Narrative Tense
Whether the story is told in the past tense (what happened) or the present tense (what is happening) — or moves between both.
What is Narrative Tense?
Most novels are told in the past tense. This is the default mode of storytelling across cultures and centuries: the narrator looks back and tells what happened. Past tense implies a narrator who survived the events and is recounting them from some point of safety or distance. This distance — even when it is not explicitly acknowledged — creates a subtle sense of narrative authority: the events are complete, they have been processed, and the narrator has the perspective of retrospect.

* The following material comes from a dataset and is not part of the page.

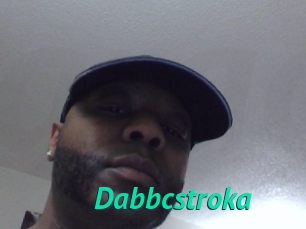 Dabbcstroka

Present tense eliminates that distance. The narrator reports events as they happen, with no retrospective authority and no guaranteed survival. This creates urgency and immediacy — the reader does not know the narrator got out, because the narrator does not know either. Present tense has become increasingly common in literary and commercial fiction since the 1990s, particularly in psychological thrillers, YA fiction, and any story where immediate experience is the primary concern.
The three options
Past — Traditional storytelling tense. Events have occurred; the narrator recounts them. The default for most genres. Creates a sense of narrative authority and retrospect. Readers rarely notice past tense — it is invisible in a way that present tense is not.
Present — Events unfold as the narration occurs. Immediate, urgent, no retrospective distance. The reader and the narrator experience events simultaneously. Can feel breathless and intimate. Can also feel mannered or exhausting in longer works if not handled with care. Most effective in shorter novels or stories where urgency is a primary value.

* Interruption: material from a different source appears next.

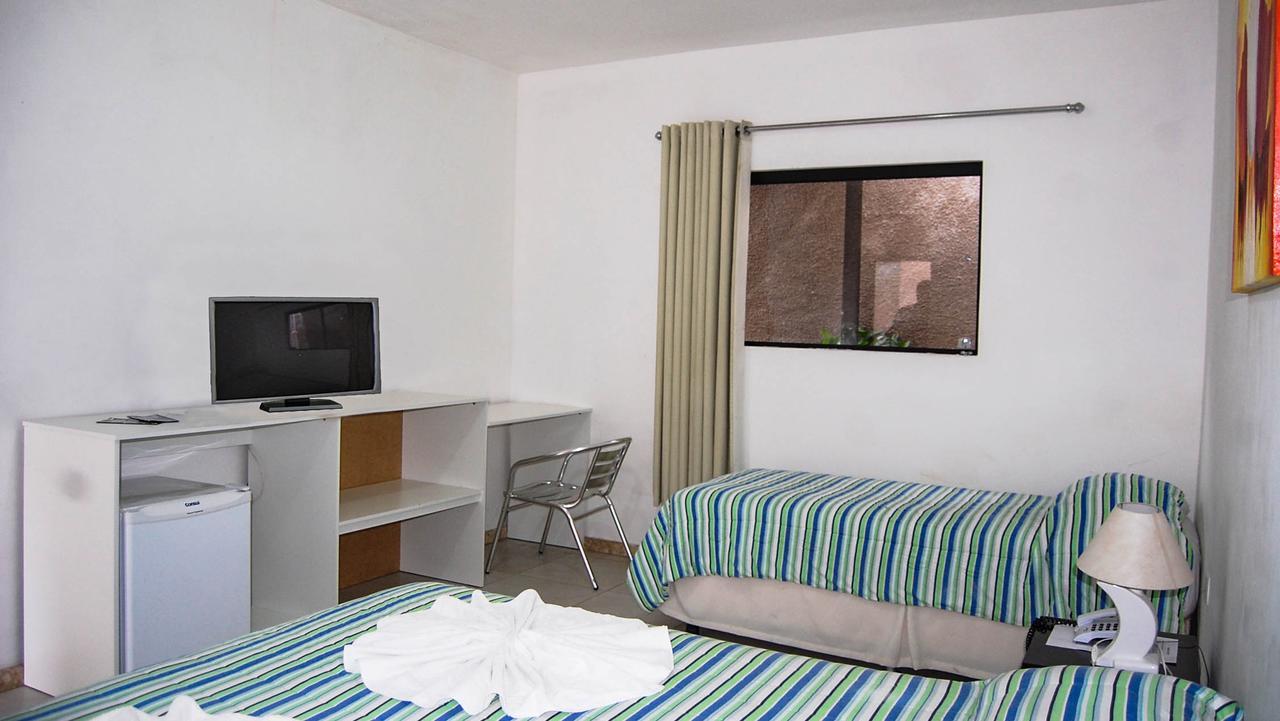 Thermas Hotel Salgadinho ภายนอก รูปภาพ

Mixed — Deliberate movement between past and present tense as a structural element. Typically used to distinguish timelines: one storyline in present tense, one in past; or a primary narrative in past with memory sequences in present. Requires clear structural intention — random or accidental tense shifts read as errors, not effects. Only choose mixed if you have a specific structural reason for the shift.
How Bespoke Books uses it
In the Bespoke Books Composer, Tense appears on the Shape tab as one of six Style Dials. The three options are: past, present, and mixed. The default is past. The generation pipeline uses it to maintain consistent tense across chapters — a tense inconsistency is a continuity failure.